* **WORK TO COMPLETE**:
Your job with the data below: print everything from the line that holds "Bohemian Grove Honorary Roster" down to the line that holds "ajio.com gas Lanzo", ends included, exactly, and nothing else.

* **EXTRACTED DATA**:
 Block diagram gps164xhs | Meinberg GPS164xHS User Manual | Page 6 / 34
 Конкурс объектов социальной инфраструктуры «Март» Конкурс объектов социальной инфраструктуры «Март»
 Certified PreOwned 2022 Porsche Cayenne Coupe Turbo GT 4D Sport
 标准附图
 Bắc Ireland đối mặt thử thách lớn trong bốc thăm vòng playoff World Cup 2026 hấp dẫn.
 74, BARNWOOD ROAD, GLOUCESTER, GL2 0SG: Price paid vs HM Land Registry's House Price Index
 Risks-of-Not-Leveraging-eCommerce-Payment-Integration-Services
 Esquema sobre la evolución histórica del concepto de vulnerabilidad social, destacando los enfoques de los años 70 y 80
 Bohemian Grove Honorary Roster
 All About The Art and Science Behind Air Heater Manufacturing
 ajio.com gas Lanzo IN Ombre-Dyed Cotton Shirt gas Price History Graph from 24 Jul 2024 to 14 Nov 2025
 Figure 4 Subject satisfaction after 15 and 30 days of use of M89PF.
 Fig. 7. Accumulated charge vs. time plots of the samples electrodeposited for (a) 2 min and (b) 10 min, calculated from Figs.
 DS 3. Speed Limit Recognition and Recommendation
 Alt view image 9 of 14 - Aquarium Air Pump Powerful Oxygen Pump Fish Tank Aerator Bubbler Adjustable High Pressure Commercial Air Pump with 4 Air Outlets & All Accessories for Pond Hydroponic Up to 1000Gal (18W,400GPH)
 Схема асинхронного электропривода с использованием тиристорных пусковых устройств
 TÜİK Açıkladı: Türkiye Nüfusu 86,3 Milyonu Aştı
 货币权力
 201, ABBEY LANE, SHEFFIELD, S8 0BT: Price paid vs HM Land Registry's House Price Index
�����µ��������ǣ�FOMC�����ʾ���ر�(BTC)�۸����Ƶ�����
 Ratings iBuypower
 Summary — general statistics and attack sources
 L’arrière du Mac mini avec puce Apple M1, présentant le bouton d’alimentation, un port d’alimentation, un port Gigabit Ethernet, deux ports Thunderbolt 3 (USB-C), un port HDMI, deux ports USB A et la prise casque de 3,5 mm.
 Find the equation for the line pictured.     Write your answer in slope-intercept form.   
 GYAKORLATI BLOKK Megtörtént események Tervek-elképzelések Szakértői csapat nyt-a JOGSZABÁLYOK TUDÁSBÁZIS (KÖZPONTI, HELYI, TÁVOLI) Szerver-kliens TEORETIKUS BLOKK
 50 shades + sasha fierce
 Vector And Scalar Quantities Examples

* **SOLUTION TO THE EXERCISE**:
 Bohemian Grove Honorary Roster
 All About The Art and Science Behind Air Heater Manufacturing
 ajio.com gas Lanzo IN Ombre-Dyed Cotton Shirt gas Price History Graph from 24 Jul 2024 to 14 Nov 2025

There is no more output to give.